● **INPUT MATERIAL**:
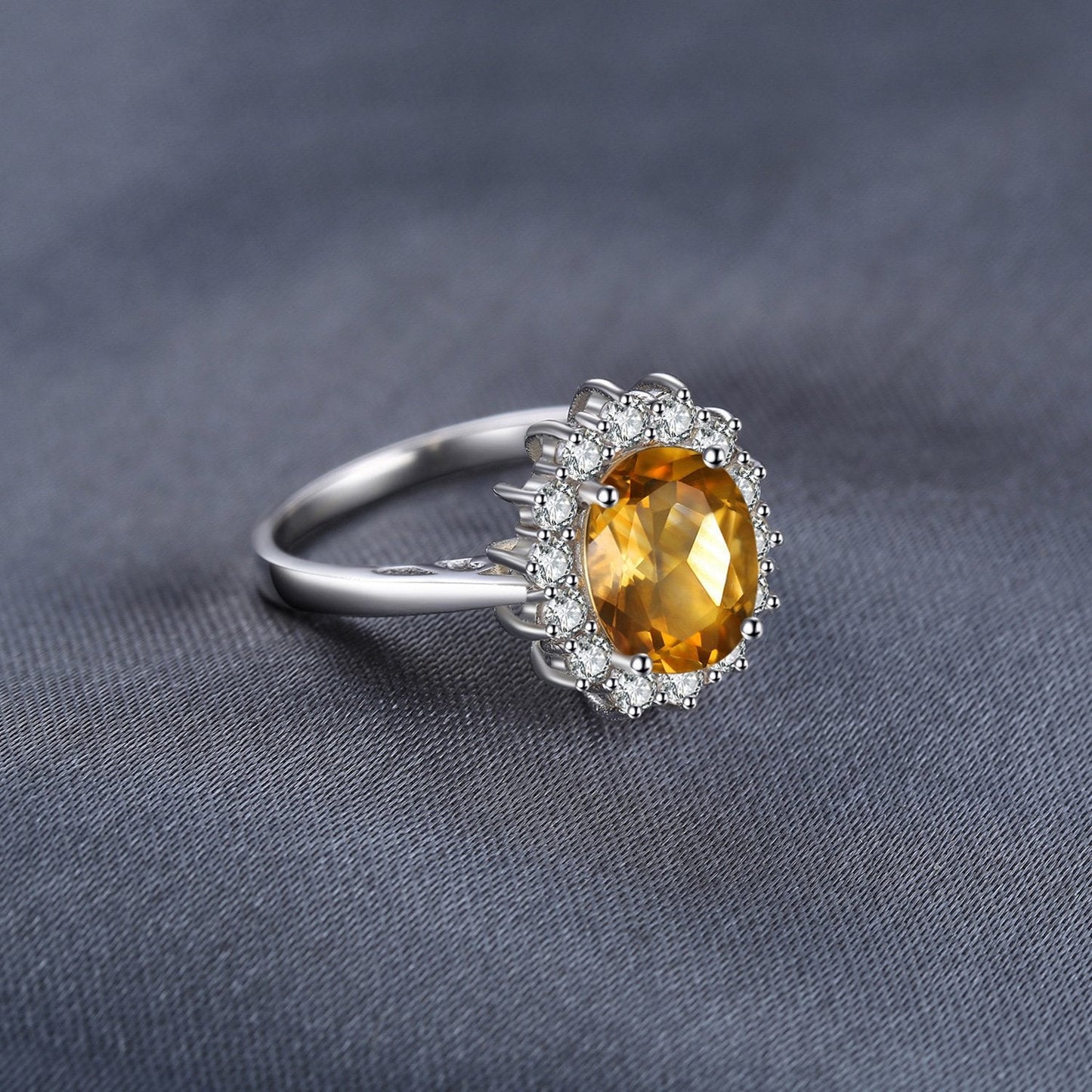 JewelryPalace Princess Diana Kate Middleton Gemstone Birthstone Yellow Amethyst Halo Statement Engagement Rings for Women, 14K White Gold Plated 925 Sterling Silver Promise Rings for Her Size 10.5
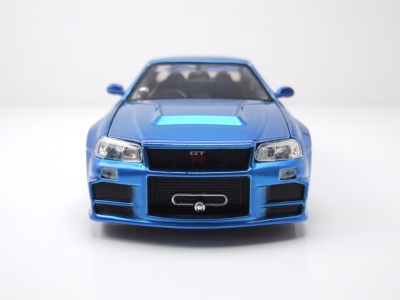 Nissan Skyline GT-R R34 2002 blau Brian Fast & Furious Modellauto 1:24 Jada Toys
==
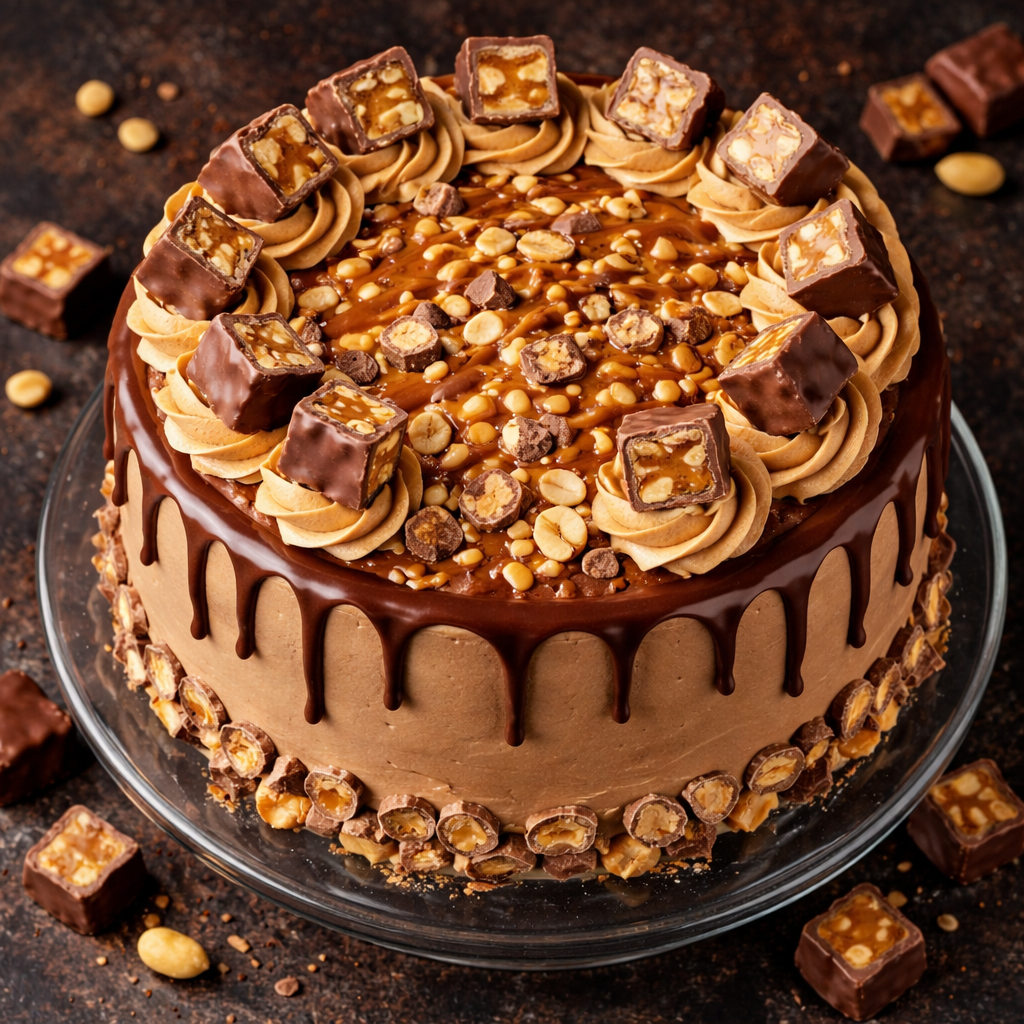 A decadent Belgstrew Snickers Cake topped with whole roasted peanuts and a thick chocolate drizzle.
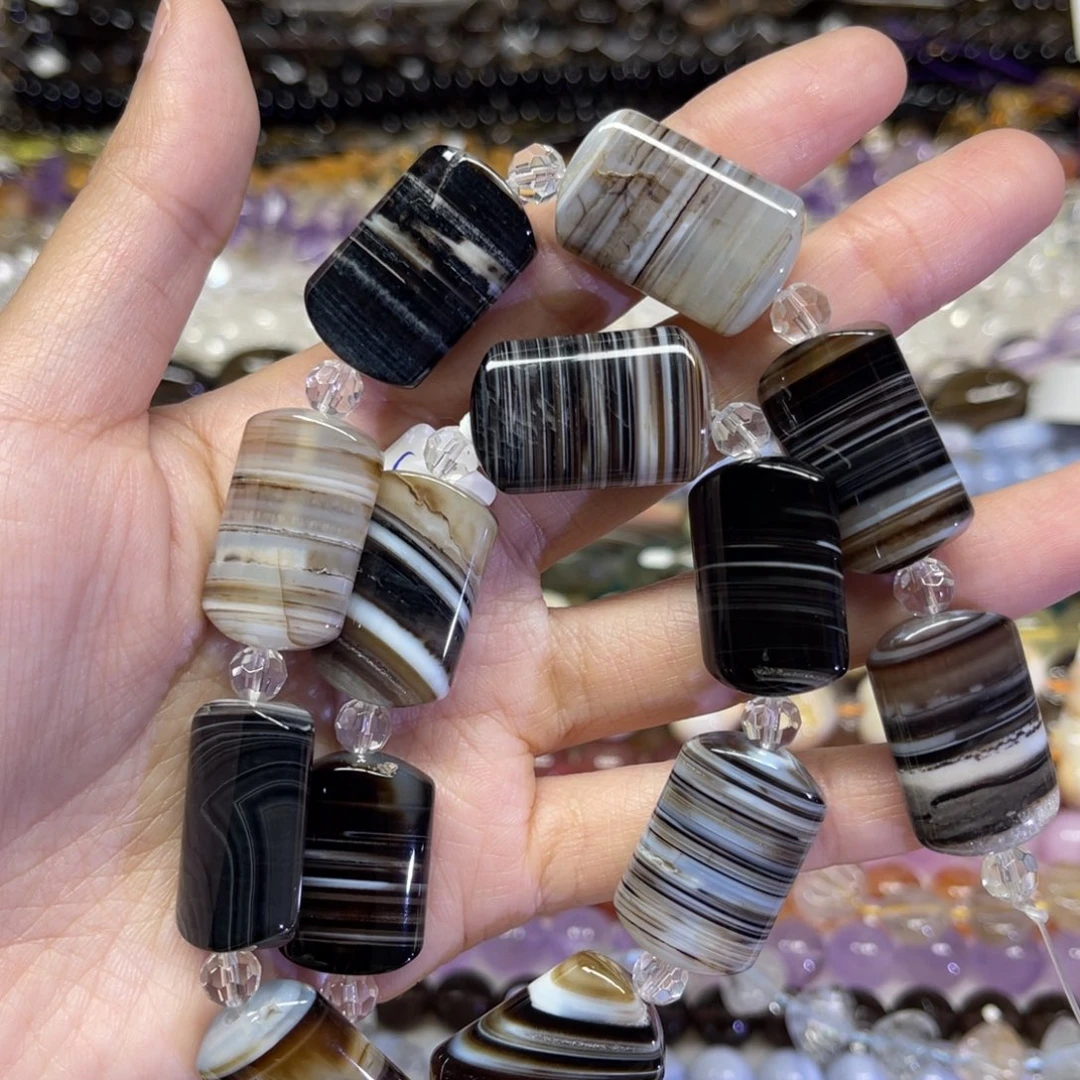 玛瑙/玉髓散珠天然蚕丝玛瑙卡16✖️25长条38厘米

● **WHAT IS NEEDED**: In the listing above, find the line with "JewelryPalace Princess Diana" and the line with "Nissan Skyline GT-R". Copy exactly those two and every line between, without the pictures.

● **ANSWER BELOW**:
 JewelryPalace Princess Diana Kate Middleton Gemstone Birthstone Yellow Amethyst Halo Statement Engagement Rings for Women, 14K White Gold Plated 925 Sterling Silver Promise Rings for Her Size 10.5
 Nissan Skyline GT-R R34 2002 blau Brian Fast & Furious Modellauto 1:24 Jada Toys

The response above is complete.